Verbatim reproduction of the entries is required; images must be omitted.

Recorded data

○ ○ ○

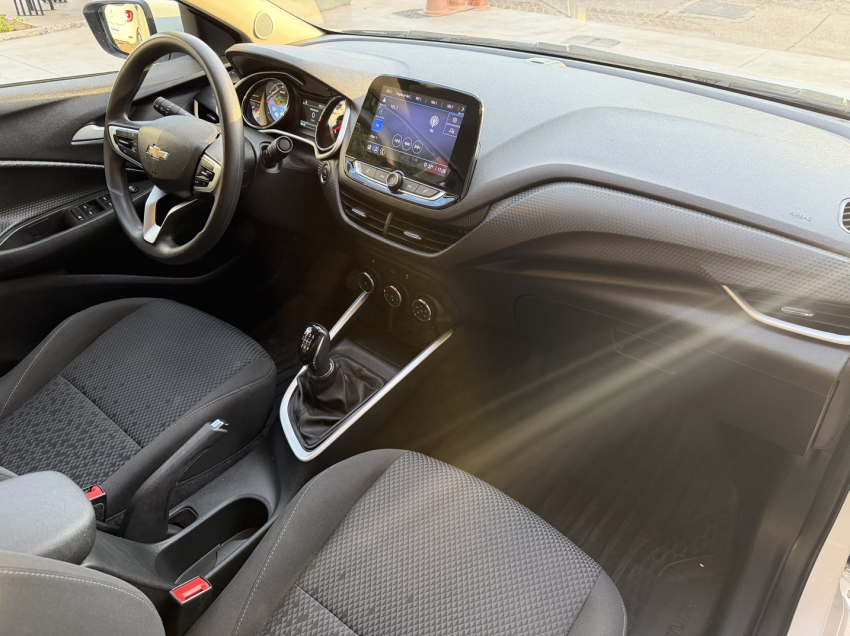 chevrolet onix 1.0 turbo flex ltz manual 4p 20224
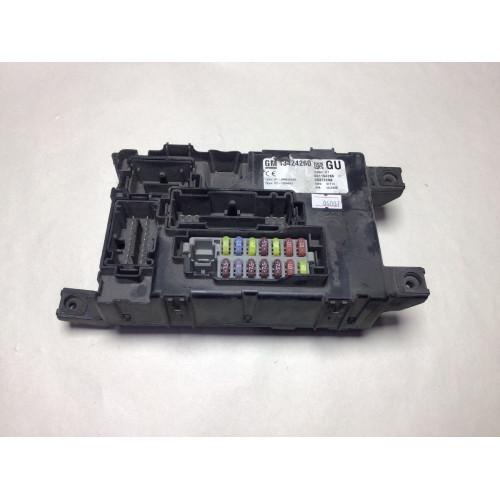 Opel Corsa D Sigorta Body Beyni 13424260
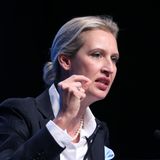stellvertretende AfD-Bundessprecherin Alice Weidel
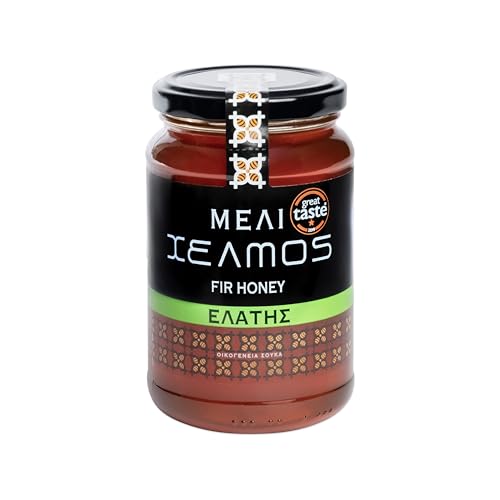 Helmos Griechischer Tannenhonig, 480 g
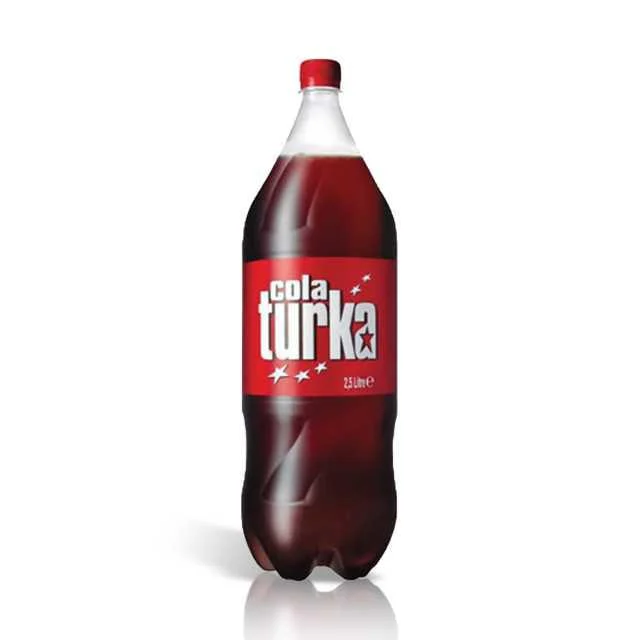 Cola Turka 2.5 litre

○ ○ ○

__Solved exercise__.
 chevrolet onix 1.0 turbo flex ltz manual 4p 20224
 Opel Corsa D Sigorta Body Beyni 13424260
stellvertretende AfD-Bundessprecherin Alice Weidel
 Helmos Griechischer Tannenhonig, 480 g
 Cola Turka 2.5 litre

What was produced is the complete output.